What you are asked to do: Starting at the first entry below, repeat all the data word for word and drop the pictures.

Records drawn from a dataset:
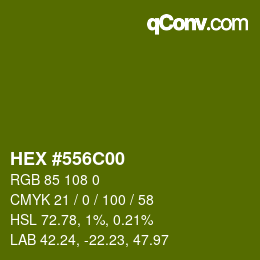 颜色代码: HEX #556C00 | qconv.com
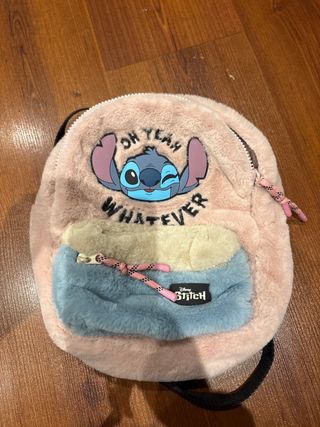 Mochila Zara Stitch Peluche Rosa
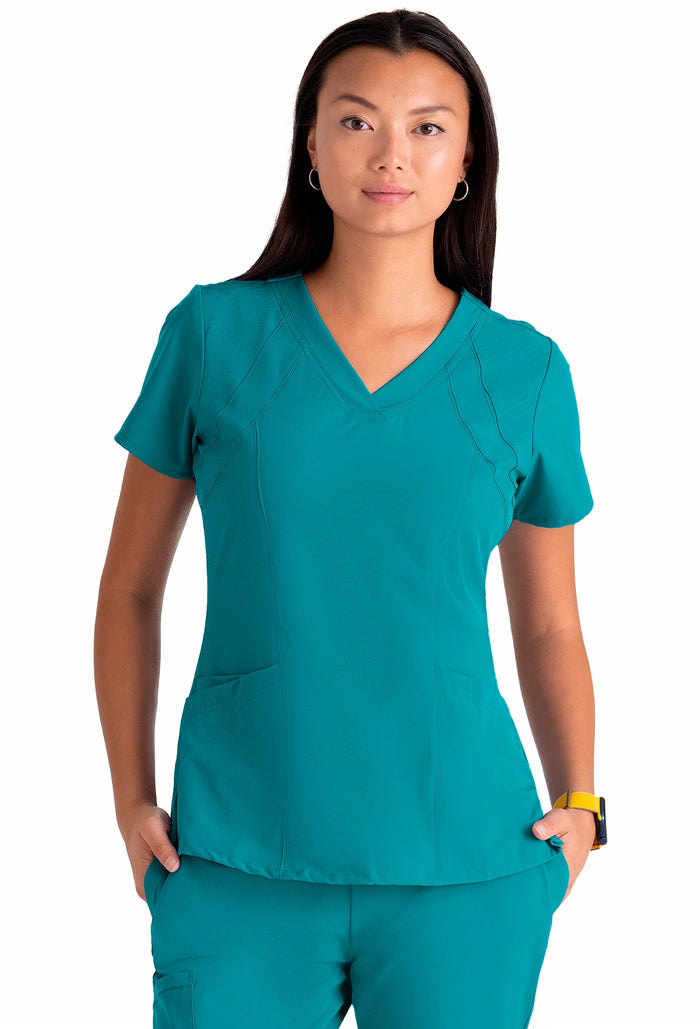 Barco One Perforated V-Neck Princess Scrub Top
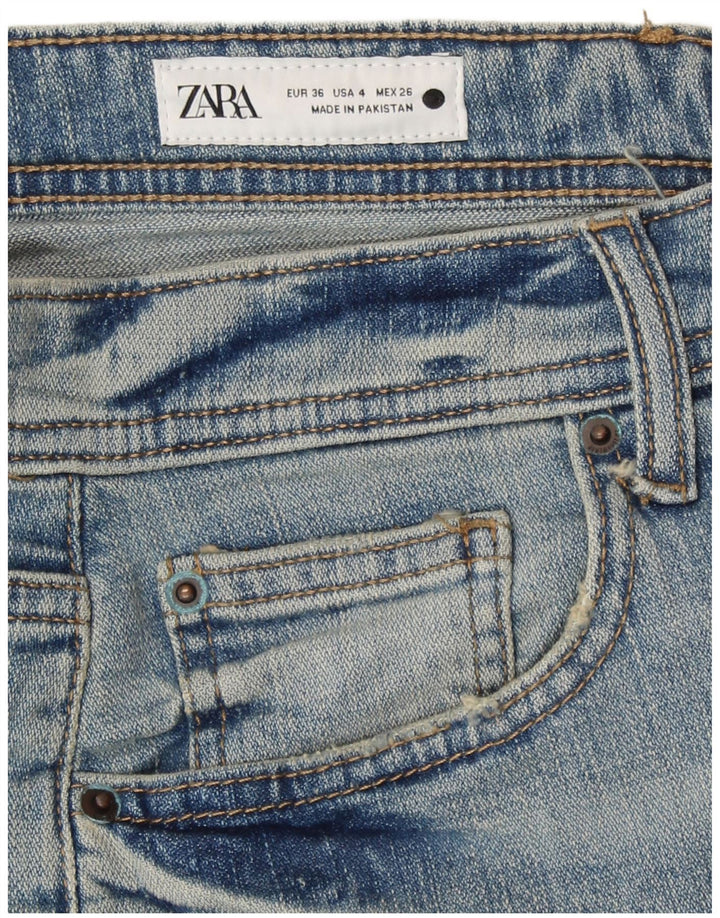 Zara Dame Cropped Jeans EU 36 XS W26 L24 Blå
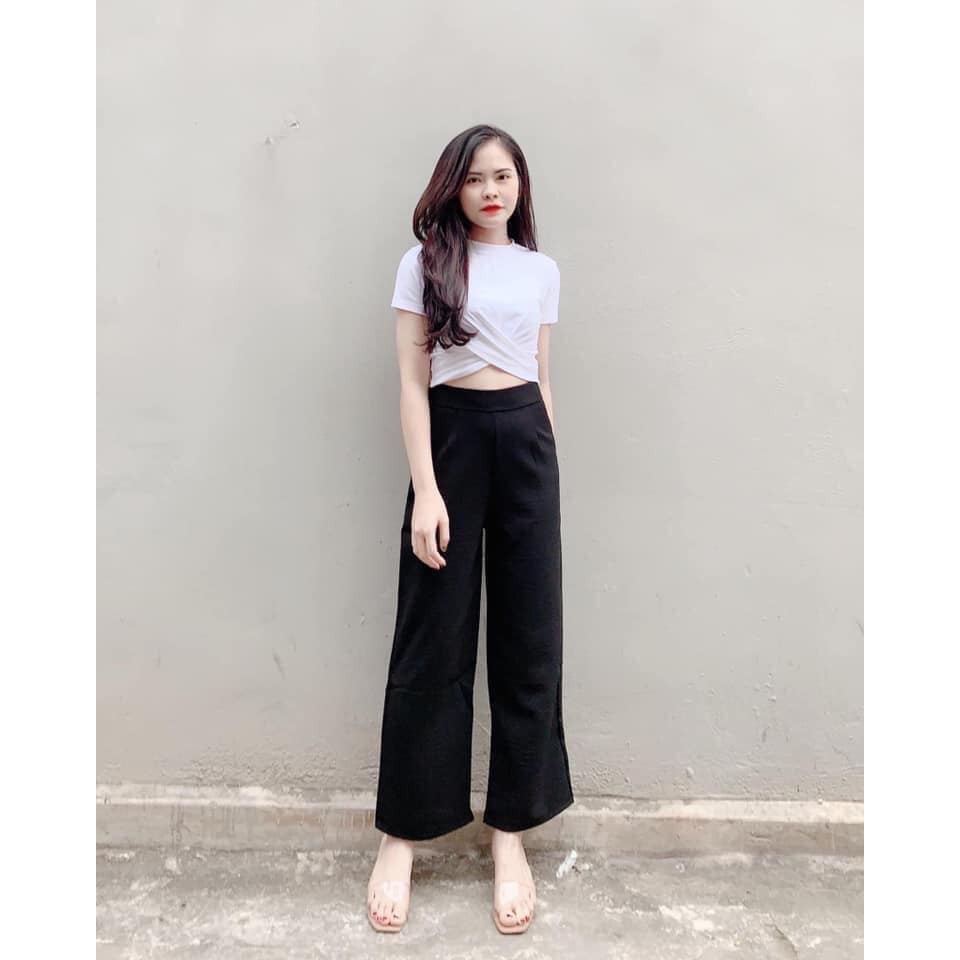 Áo croptop tay ngắn xoắn eo cotton co giãn tôn dáng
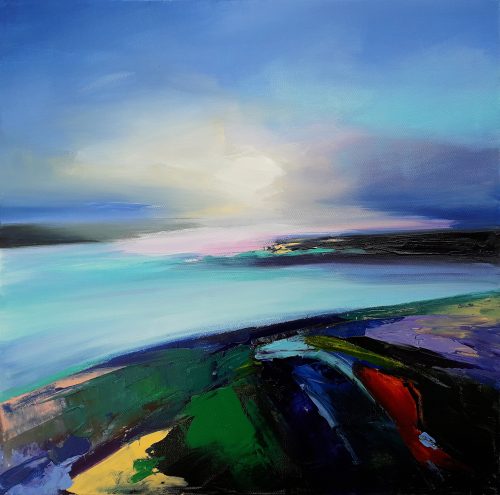 Obra de arte original contemporánea, Ribera azul, 50 x 50 cm, paisaje abstracto por Luc Andrieux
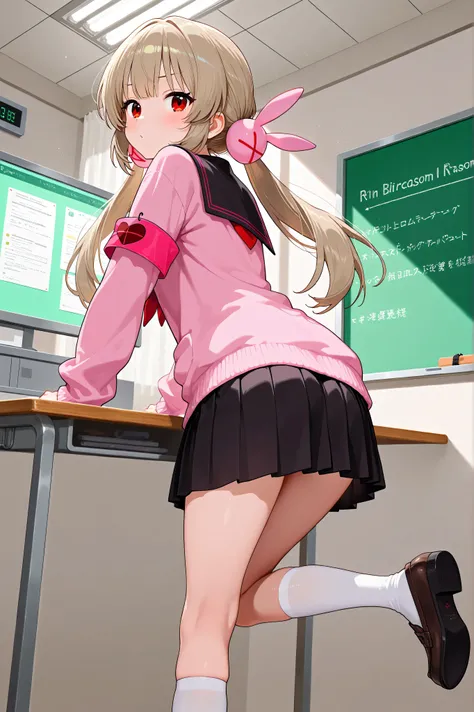 natori sana,in science room, 1girl, virtual youtuber, red eyes, light brown hair, long hair,twintails, low twintails, hair ornament, pink cardigan, black sailor collar, red neckerchief, pleated skirt, black skirt, armband, long sleeves, white socks, loafer...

Exercise response:
 颜色代码: HEX #556C00 | qconv.com
 Mochila Zara Stitch Peluche Rosa
 Barco One Perforated V-Neck Princess Scrub Top
 Zara Dame Cropped Jeans EU 36 XS W26 L24 Blå
 Áo croptop tay ngắn xoắn eo cotton co giãn tôn dáng
 Obra de arte original contemporánea, Ribera azul, 50 x 50 cm, paisaje abstracto por Luc Andrieux
 natori sana,in science room, 1girl, virtual youtuber, red eyes, light brown hair, long hair,twintails, low twintails, hair ornament, pink cardigan, black sailor collar, red neckerchief, pleated skirt, black skirt, armband, long sleeves, white socks, loafer...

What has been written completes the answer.